CHANGES to the Horticulture Code of Conduct will force fruit and vegetable growers to take more responsibility for individual contractual arrangements, rather than exacerbate perceptions of a government “beat up” on big retailers, says federal Assistant Agriculture and Water Resources Minister Anne Ruston.
After an independent review of the mandatory code was first announced in mid-2015, and a report handed to the Coalition in November that same year, the government’s response to the investigation is set to be publicly released today.
Of the 13 recommendations made in the final report, two have been rejected by the federal government, while six were accepted in full, two accepted in part, two noted and one accepted in principle.
Senator Ruston said a core recommendation accepted by the government will see the code - that commenced in May 2007 – amended to remove a current exemption for any contracts entered into prior to December 15, 2006.
She said the Coalition decided to review the code after coming into government in 2013 because a situation existed where about 85 per cent of traders and growers weren’t captured by its powers, due to that exemption on pre-existing contracts.

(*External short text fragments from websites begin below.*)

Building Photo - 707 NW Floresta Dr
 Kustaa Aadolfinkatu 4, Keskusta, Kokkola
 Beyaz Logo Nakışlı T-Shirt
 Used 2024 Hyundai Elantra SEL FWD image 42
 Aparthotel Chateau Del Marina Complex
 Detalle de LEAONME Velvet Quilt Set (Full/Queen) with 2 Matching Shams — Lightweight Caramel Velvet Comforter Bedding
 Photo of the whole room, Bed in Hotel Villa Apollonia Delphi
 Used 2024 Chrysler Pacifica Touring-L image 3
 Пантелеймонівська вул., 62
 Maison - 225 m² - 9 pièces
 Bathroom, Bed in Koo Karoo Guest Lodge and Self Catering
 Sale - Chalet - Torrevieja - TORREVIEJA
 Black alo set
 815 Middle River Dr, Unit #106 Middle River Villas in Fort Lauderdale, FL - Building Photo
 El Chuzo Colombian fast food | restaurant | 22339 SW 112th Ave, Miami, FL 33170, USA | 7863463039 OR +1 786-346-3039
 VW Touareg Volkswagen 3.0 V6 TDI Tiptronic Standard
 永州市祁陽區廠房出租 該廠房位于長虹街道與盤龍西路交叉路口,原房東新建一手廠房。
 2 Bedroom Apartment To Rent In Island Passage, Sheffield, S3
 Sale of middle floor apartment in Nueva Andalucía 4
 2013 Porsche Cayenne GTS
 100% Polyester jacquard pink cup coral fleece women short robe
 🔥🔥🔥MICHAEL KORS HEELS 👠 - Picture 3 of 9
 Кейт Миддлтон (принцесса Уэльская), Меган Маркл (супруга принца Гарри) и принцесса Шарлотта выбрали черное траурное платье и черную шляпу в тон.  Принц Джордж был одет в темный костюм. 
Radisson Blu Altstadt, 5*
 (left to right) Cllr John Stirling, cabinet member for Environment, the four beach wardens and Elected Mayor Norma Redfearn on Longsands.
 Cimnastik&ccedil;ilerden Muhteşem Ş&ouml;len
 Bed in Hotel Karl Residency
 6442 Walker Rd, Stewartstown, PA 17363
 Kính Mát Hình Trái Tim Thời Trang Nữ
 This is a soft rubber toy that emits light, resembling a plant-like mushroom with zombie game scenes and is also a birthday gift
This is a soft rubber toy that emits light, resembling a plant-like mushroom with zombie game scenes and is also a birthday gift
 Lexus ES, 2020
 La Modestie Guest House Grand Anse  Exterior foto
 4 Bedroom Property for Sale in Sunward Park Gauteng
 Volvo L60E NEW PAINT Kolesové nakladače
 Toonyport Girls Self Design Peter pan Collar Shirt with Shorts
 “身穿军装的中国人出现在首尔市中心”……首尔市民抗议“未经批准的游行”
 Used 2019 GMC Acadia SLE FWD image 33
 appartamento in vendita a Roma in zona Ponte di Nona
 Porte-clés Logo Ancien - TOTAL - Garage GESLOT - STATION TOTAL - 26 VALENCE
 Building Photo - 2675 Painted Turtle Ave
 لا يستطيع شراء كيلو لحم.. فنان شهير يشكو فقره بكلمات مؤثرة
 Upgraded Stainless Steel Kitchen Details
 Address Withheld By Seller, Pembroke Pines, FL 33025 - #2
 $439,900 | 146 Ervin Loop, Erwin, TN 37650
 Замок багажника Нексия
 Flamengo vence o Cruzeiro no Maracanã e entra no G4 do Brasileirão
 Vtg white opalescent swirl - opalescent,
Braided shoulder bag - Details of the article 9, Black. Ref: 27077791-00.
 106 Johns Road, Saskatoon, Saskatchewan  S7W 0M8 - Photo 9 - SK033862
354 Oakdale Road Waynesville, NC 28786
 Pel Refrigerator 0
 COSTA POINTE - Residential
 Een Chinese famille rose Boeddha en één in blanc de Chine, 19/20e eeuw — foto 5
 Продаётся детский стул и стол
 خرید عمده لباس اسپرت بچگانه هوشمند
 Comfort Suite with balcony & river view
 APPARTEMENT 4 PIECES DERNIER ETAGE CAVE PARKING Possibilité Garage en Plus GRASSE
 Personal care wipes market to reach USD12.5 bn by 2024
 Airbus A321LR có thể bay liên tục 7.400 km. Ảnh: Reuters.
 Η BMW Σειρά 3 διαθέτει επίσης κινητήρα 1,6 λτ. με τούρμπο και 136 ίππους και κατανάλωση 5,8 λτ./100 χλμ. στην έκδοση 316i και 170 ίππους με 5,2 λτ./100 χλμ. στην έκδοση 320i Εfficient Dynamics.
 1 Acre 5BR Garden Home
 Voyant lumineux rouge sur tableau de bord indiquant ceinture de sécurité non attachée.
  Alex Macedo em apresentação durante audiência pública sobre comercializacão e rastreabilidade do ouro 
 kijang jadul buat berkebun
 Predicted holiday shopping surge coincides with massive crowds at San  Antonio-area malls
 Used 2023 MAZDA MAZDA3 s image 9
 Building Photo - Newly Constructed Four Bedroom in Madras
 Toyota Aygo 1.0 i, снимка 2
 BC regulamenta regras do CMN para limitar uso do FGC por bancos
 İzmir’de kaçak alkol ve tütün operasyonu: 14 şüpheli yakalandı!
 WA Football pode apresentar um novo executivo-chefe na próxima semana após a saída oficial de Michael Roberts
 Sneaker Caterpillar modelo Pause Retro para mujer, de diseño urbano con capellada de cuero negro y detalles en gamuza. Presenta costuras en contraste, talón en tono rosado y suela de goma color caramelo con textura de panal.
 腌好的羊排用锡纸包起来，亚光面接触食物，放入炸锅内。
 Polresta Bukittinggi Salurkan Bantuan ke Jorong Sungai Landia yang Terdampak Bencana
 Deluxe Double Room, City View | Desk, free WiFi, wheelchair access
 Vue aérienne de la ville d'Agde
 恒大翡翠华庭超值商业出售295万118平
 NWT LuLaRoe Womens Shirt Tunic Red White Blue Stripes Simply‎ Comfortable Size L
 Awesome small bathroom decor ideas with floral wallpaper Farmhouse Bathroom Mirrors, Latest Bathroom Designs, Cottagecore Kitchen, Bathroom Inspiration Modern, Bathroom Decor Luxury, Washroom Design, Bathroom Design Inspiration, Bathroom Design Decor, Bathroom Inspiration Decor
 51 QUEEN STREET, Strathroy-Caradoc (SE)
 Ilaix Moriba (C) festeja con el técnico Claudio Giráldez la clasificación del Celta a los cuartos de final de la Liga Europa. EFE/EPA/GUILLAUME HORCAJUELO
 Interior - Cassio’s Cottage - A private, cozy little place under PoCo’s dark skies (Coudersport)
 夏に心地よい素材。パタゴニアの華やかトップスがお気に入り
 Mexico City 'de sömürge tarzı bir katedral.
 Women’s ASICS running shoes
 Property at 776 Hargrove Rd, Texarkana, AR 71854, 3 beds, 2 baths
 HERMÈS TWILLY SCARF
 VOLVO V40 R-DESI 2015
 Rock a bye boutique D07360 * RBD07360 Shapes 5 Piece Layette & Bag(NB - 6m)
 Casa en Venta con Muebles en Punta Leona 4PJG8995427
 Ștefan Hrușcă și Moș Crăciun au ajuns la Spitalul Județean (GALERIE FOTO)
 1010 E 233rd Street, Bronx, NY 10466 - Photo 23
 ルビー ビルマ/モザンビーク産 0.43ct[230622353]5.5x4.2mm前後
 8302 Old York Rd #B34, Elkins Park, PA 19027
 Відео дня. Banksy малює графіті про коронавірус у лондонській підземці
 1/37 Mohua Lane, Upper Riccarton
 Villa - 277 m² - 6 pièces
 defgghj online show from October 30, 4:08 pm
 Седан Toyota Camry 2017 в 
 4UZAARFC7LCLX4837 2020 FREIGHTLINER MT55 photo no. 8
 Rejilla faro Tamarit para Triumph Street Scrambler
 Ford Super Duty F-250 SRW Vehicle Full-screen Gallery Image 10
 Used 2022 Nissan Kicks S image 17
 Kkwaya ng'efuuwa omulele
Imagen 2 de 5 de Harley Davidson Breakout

“You had this situation where you had a code that applied to 15pc of the people that it was supposed to cover, rendering it pretty much toothless and unfair on those bound by it,” she said.
“That was the reason for the review and the fundamental recommendation that came back from the review was that we needed to remove that exemption.
“Through a process of negotiation and consultation with growers, traders, merchants and the wholesalers, we’ve got them to agree that it’s a sensible thing to remove that exemption from the code.
“That’s the fundamental centrepiece that needed to be done but while we’re at it, we’ve also made a number of other changes to the code to make it more contemporary, for 2017.”
Senator Ruston said the code would be “re-set” over the next few weeks and regulatory changes proposed, following the government releasing its final response to the independent review.
“We’ll re-write the code, put it out for statutory consultation as per normal processes and once it’s written, it then becomes a disallowable instrument,” she said.
“Consultation with all parties has been a really positive process.
“But when the code was first struck, it was as a result of a concern that there were really bad predatory behaviours by some of the traders.
“What we’ve tried to do now is actually balance that out against making the code make growers take more responsibility for their contractual arrangements as well, so that it’s not just this perception that we’re trying to beat up on the traders and regulate the traders.
“It’s actually turning the code into a useful document so it can provide for better relationships and a better basis for trade arrangements on both sides of the trade - not singling out one side or the other.”
Amendments will also see the Australian Competition and Consumer Commission empowered to impose civil penalties and issue infringement notices for any breaches, after the review raised concerns that a lack of enforcement powers meant the code was unable to deter unacceptable conduct and improper behaviour.
“It certainly struck us that it seemed a little pointless to have a code where there weren’t any penalties for the breaches,” Senator Ruston said.
“But because there weren’t any penalties for breaches, there was a whole series of requirements that the ACCC was able to impose on non-compliant growers or traders that were way more onerous than any fine may have been.”
Senator Ruston said the government also intended to remove other provisions from the code that made it “overly prescriptive” on one party or the other.
She said a number of rules in the code meant the responsibility of one party was required to be taken over by another party.
“As an example, there was a requirement in the old code for traders to be responsible for ensuring growers had actually sought legal advice over their contracts – but to our mind, it’s the growers’ responsibility to seek legal advice,” she said.
“It should not be a breach of the code by the trader, if a grower doesn’t get themselves legal advice.”
Senator Ruston said amendments to the code, following the government’s response to the review, had a two-fold purpose.
She said firstly, it would ensure better measures were implemented to prevent market-power abuse where very large trading entities often dominated growers to the final point of sale, due to limited selling-options, as well as seeking to implement a “set of good business practices” that help smaller horticulture producers.
“Some of our much smaller growers can actually use the code and the templates that exist within it, to get them up to speed on what are good commercial business practices, to protect them in the market place,” she said.
“But it also protects the traders because any contractual arrangement that’s clearly defined provides a process that protects everyone.”
Senator Ruston said sometimes traders, after being supplied horticultural produce, had returned a note to growers saying 50pc of their product had perished and was unable to be sold and then thrown out, so they’d only be paid for half of the supply.
But she said such contractual arrangements would now be “explicitly expressed” in the amended code, so all parties know “exactly what the expectation is”.
“When are they going to be paid; how are they going to be paid; what are they going to be paid for; what the returns policy is - all those sorts of things will be specified,” she said.
“It just sets the ground rules for contracts - the rules of engagement.”
Senator Ruston said amendments to the Horticulture Code would also seek to ensure a gap between it and the Food and Grocery Code of Conduct no longer existed and retailers and growers were adequately covered.